Data records:
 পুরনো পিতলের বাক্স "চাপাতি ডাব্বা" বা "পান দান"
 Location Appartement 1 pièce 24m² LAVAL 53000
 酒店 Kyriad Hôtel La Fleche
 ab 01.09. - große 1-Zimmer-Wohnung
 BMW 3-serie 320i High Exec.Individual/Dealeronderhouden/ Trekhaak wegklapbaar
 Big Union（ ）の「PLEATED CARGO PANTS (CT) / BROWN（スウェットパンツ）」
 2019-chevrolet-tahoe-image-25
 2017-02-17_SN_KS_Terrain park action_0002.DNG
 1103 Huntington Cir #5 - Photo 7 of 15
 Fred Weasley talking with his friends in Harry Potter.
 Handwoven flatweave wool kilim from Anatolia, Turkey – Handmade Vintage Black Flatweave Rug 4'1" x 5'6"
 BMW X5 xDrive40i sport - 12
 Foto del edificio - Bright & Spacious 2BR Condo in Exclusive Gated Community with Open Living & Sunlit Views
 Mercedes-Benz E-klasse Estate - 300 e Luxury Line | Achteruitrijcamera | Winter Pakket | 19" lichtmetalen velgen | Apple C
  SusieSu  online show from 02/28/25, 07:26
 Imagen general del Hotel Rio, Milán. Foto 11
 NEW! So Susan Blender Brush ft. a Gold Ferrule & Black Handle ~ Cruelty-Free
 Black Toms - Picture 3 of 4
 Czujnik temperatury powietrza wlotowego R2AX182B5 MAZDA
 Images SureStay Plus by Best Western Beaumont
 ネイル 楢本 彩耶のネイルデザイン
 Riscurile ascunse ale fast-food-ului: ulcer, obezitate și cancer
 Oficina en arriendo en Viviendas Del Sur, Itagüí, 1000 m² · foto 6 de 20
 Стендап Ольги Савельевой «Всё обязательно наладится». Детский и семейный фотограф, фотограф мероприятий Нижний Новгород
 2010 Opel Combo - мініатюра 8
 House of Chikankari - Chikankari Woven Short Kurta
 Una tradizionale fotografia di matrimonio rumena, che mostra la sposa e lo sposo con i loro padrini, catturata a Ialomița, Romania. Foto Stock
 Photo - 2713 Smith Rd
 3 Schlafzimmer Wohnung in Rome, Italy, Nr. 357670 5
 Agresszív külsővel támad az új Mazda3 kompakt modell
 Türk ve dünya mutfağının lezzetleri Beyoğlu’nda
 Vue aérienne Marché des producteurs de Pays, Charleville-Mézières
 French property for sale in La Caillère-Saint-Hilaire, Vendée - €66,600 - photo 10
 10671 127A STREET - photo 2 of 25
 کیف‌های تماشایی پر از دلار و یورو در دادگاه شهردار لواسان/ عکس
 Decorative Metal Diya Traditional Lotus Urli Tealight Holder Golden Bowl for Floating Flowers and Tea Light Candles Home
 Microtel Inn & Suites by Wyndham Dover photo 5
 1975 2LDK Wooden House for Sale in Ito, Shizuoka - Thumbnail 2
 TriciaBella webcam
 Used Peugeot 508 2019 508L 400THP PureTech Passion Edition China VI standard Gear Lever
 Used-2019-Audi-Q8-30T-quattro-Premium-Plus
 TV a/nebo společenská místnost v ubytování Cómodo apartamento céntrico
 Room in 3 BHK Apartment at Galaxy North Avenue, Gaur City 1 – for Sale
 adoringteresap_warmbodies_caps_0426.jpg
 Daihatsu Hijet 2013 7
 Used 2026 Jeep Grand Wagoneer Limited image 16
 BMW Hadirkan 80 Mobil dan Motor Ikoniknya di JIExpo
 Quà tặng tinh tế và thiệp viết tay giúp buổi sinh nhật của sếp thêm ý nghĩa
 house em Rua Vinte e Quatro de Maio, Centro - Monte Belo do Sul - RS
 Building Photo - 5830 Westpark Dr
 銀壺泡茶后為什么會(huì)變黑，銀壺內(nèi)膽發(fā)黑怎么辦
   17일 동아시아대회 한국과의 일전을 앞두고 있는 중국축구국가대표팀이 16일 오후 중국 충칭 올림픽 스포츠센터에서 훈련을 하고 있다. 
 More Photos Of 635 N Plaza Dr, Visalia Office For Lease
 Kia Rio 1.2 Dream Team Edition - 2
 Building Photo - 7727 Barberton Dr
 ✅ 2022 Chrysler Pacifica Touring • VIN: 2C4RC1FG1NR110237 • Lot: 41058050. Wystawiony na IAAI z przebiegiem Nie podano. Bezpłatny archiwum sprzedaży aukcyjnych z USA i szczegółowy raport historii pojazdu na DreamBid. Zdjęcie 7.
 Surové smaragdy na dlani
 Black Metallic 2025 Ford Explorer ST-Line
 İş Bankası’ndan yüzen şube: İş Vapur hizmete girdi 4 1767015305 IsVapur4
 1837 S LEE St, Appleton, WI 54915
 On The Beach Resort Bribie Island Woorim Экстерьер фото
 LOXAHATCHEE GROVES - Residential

Your instructions:
Reproduce, character for character, only the lines of the preceding data that start at the line with "2017-02-17_SN_KS_Terrain park action_0002.DNG" and end at the line with "Foto del edificio", both included.

Answer:
 2017-02-17_SN_KS_Terrain park action_0002.DNG
 1103 Huntington Cir #5 - Photo 7 of 15
 Fred Weasley talking with his friends in Harry Potter.
 Handwoven flatweave wool kilim from Anatolia, Turkey – Handmade Vintage Black Flatweave Rug 4'1" x 5'6"
 BMW X5 xDrive40i sport - 12
 Foto del edificio - Bright & Spacious 2BR Condo in Exclusive Gated Community with Open Living & Sunlit Views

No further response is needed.